Das große Maria-Theresianische Erbhuldigungswerk, erschienen zur Huldigung der niederösterreichischen Stände am 22. November 1740 nach dem Tod des Kaisers Karl VI. am 20. Oktober. "Die Kupferstiche zeigen die wichtigsten Stationen der Erbhuldigung, wie etwa die Abholung des Erzherzoghutes aus dem Stift Klosterneuburg, das Hochamt in der Stephanskirche, das Te Deum in der Hofburgkapelle oder die Festtafeln der vier Stände sowie der Erbämter in Räumen der Wiener Hofburg. Selbstverständlich wird auch der Huldigungsakt der Stände und die Festtafel der Landesfürstin, die beide in der Ritterstube der Wiener Hofburg stattfanden, dargestellt" (C. Benedik, Zeremoniell und Repräsentation am Wiener Hof unter Franz Stephan von Lothringen. In: Zedinger/Schmale [Hg.], Franz Stephan von Lothringen und sein Kreis, S. 79). Vollständiges Exemplar mit der meist fehlenden, großen Ansicht des Festzuges am Graben. Das Frontispiz mit einem Portrait der Kaiserin nach Andrea Altomonte, die übrigen Kupfer mit mehreren Abbildungen des Festbanketts, des Festzugs und der an den Krönungsfeierlichkeiten teilnehmenden Gesellschaft.

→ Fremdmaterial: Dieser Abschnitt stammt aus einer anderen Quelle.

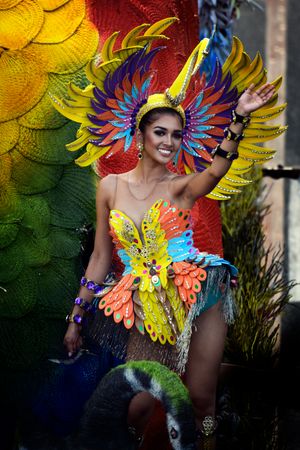 2019년 알리완 축제에서 사리마녹에서 영감을 얻은 의상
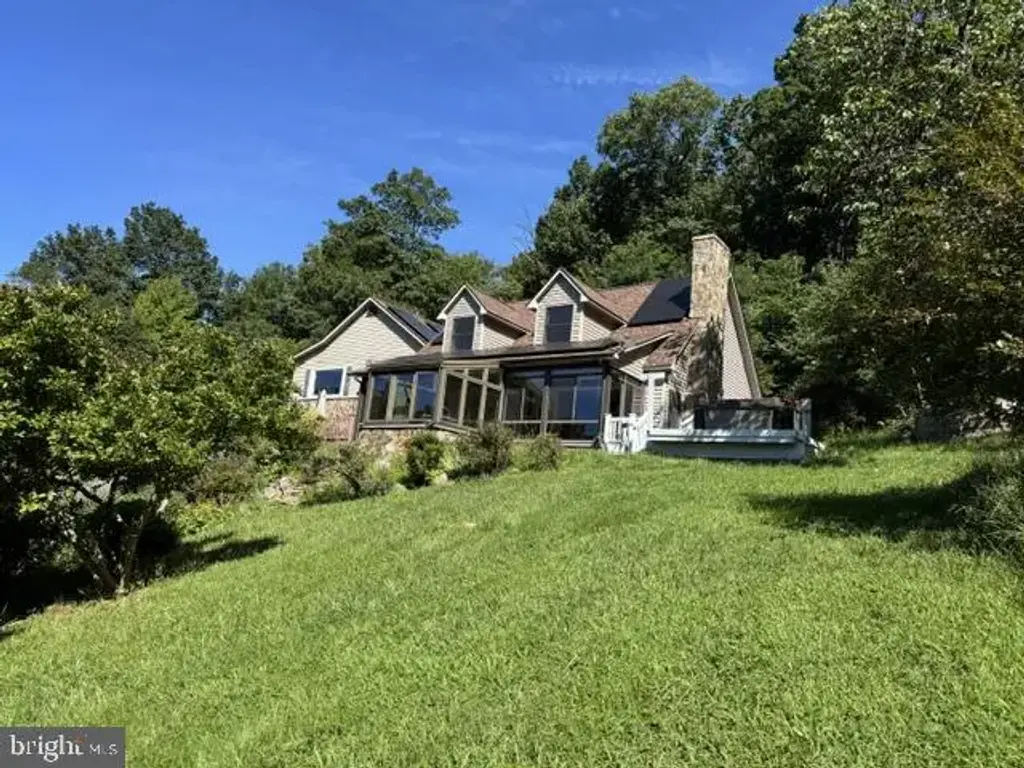 2033 Smith Run Rd, BENTONVILLE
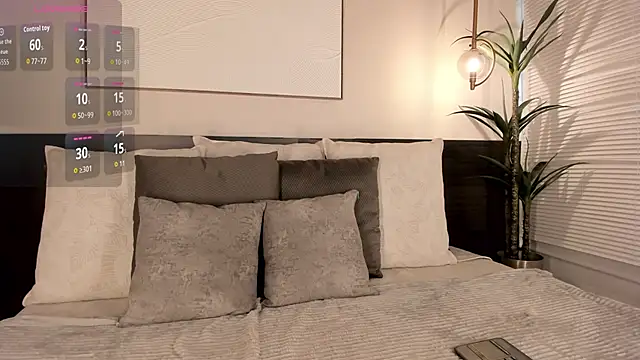 Snapshot of SophieBlake chatting on 12/02/25, 08:37 SophieBlake online show from 12/02/25, 08:37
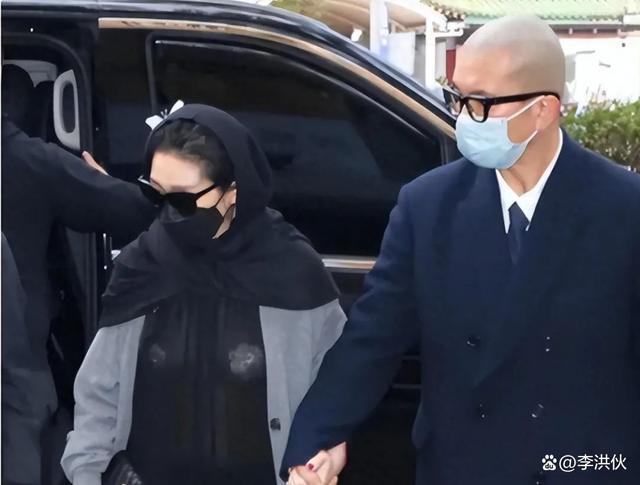 汪小菲直播间破防，满屏都是大S的梗，最终情绪低落下播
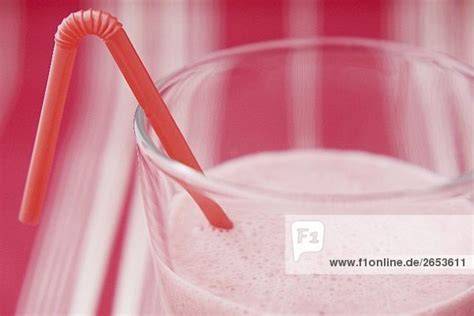 Erdbeermilch im Glas mit Strohhalm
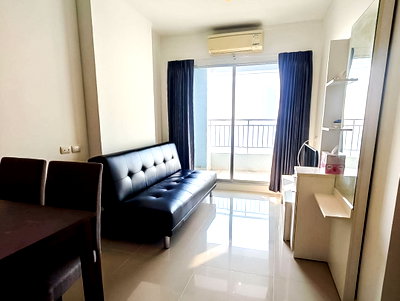 Condos for sale : Lumpini Park Beach Jomtien for Sale Sea View Condo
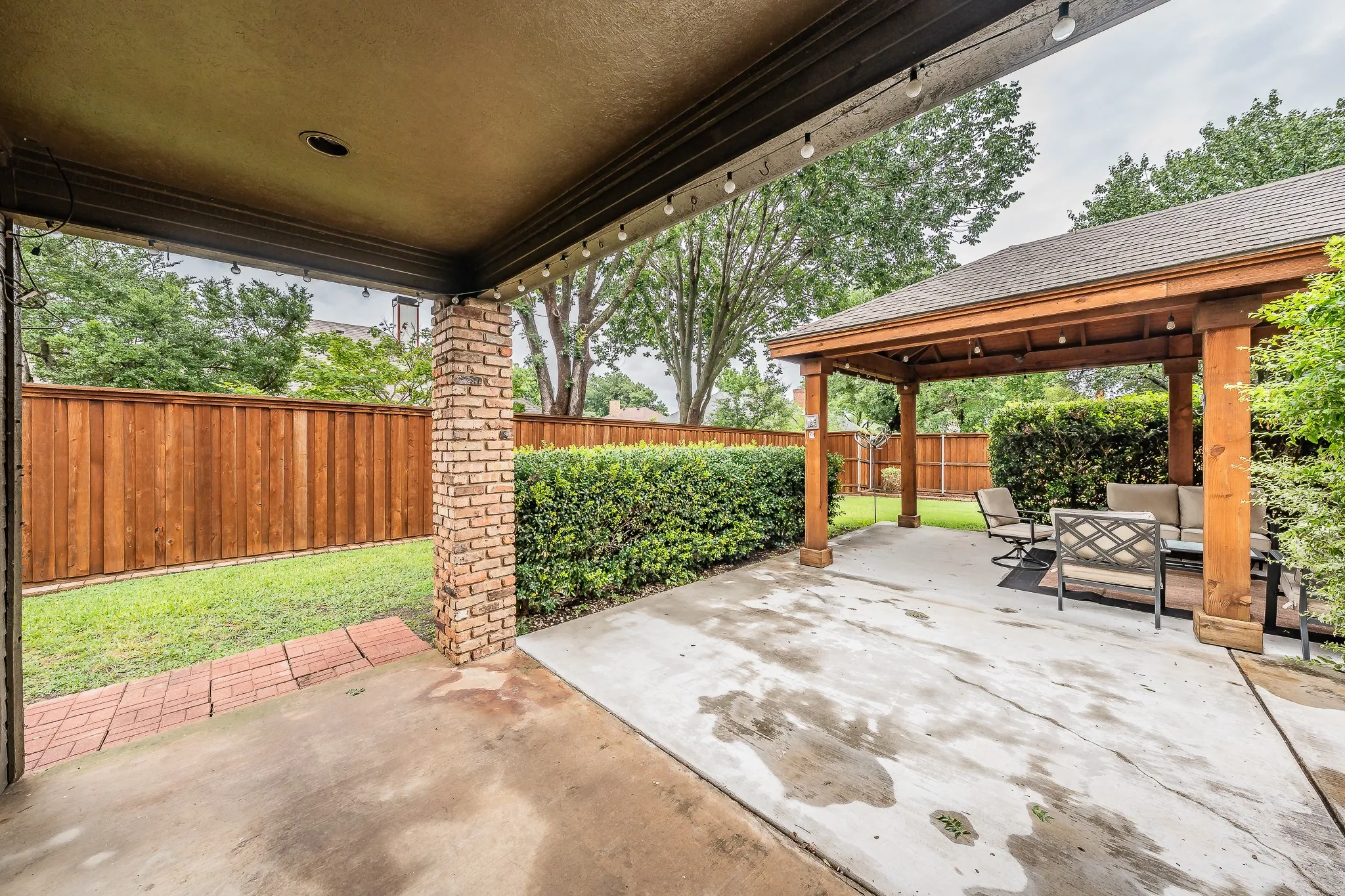 Single Family Residence For Sale in Dallas County , 2002 Diamond Oaks Drive, Garland, Texas 75044, 3 Bedroom, 3 Bathroom, 2 Garage spaces, 2,322 Sqft, built in 1985, mls#21309452, Real Estate Agent in Garland, Homes For Sale in Dallas county, Homes For Sale in Garland, Realtor in Garland Texas, Real Estate Brokerage Independent Realty Texas, Luminita Cordes Realtor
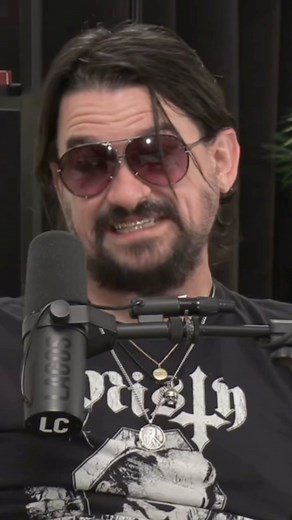 Shooter Jennings talks about being scared at Johnny Cash’s house. #shooterjennings #johnnycash #johncartercash #funny #countrymusic | Dillon Weldon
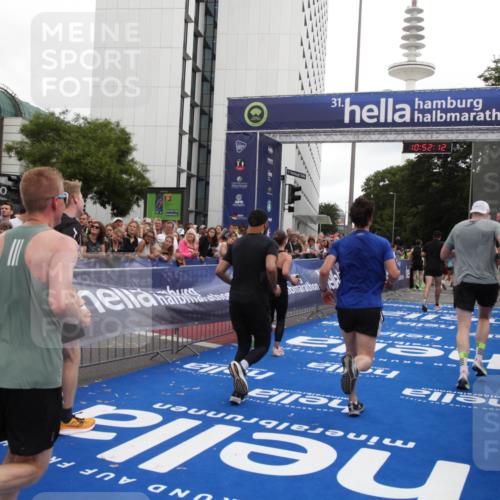 29.06.2025 - hella hamburg halbmarathon Michael Strokosch http://msf.ph/oto/8230797 29.06.2025 10:52:11 Ziel 1482, 2397, 2595, 5093, 5378, 6897, 7732, 9082, 12580, 13726, 14248, 15506, 15829, 16179, 16320, 16666, 17033, 18801 meine-sportfotos.de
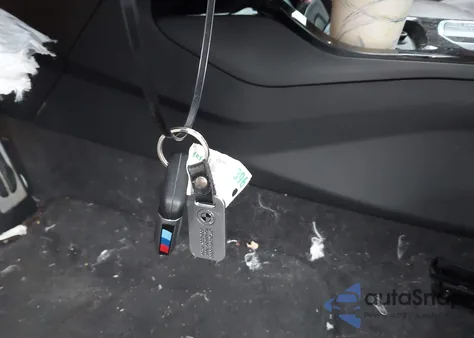 2020 BMW M235I Gran Coupe xDrive z USA, uszkodzony, nr VIN WBA13AL05L7F78801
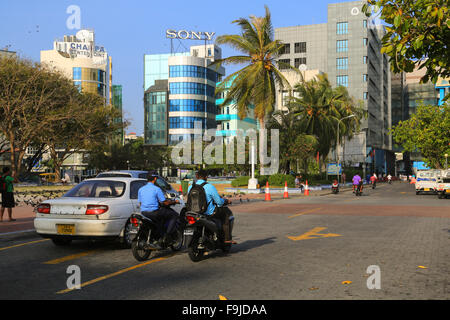 Park, Gebäude und Verkehr auf der dicht besiedelten Insel Male auf den Malediven, Indischer Ozean. Stockfoto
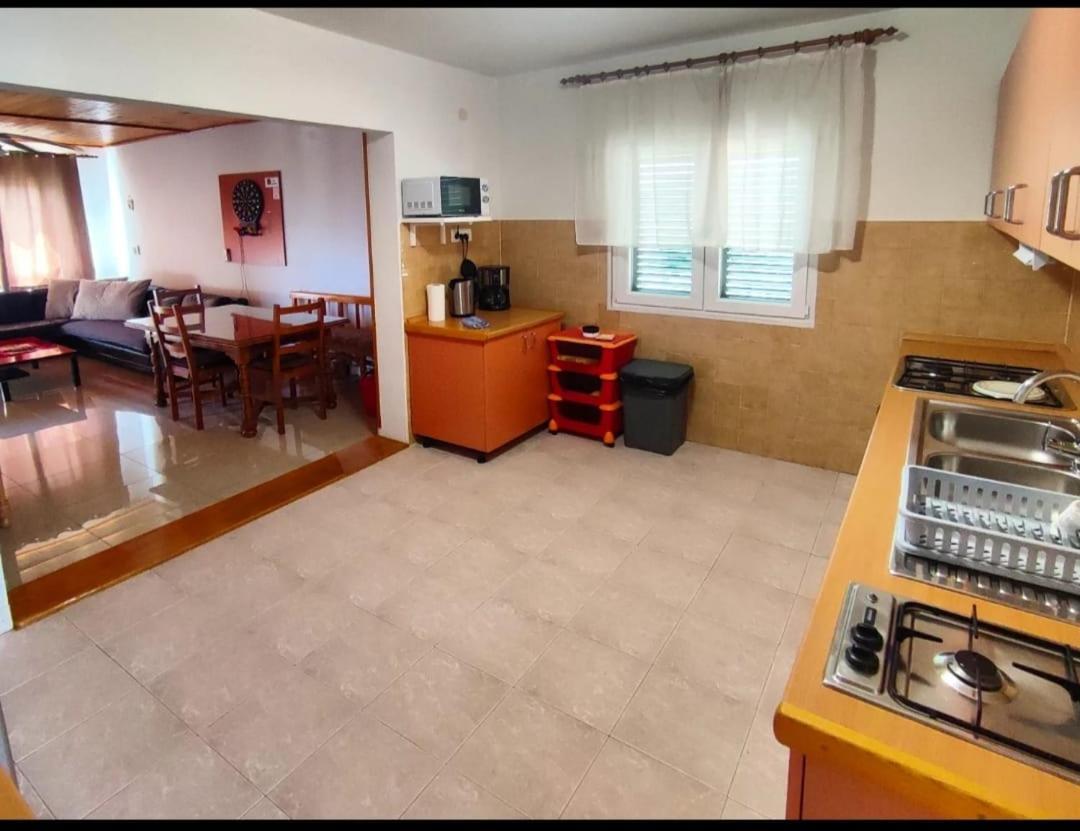 Manora Sucuraj 2 Bedroom Apartment Eksteriør billede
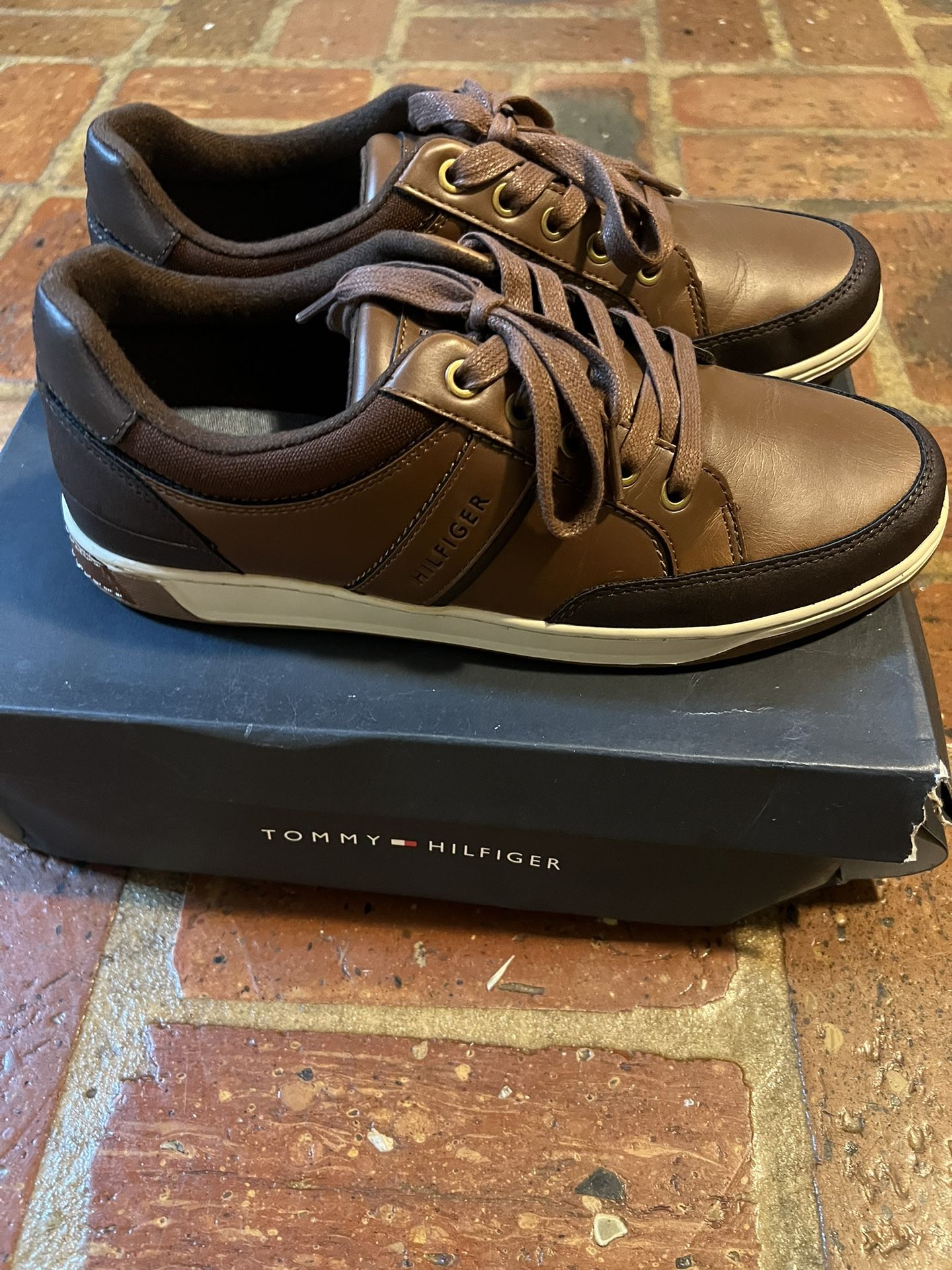 Tommy Hilfiger Shoes Size 9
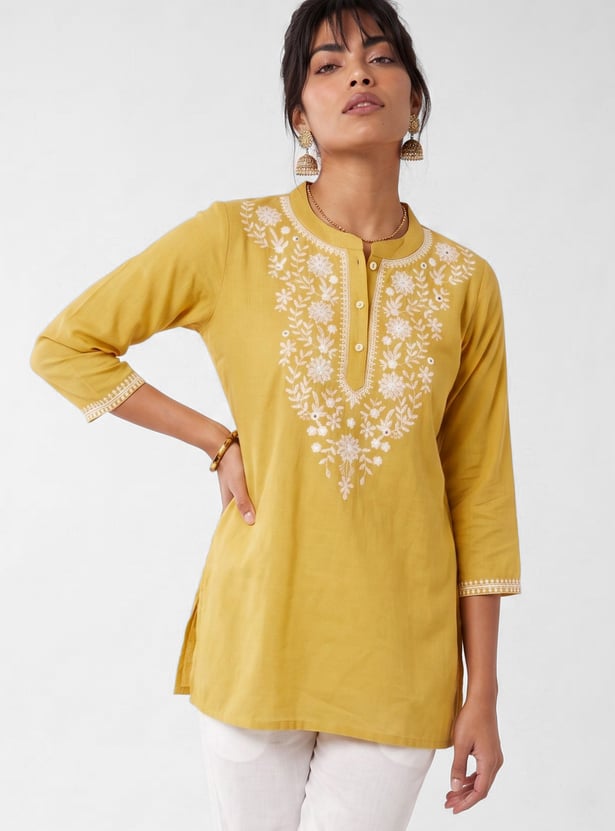 Women Embroidered Straight Kurti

Innen durchgehend etwas finger- bzw. braunfleckig. Der Einband etwas berieben, beschabt und mit kleineren Bezugsfehlstellen, die Vergoldung oxydiert.

Nebehay/W. 319. Ruggieri 991. Ornamentstichslg. Berlin 2893. Lipperheide Sc16. Vinet 681. Graesse VII, 406.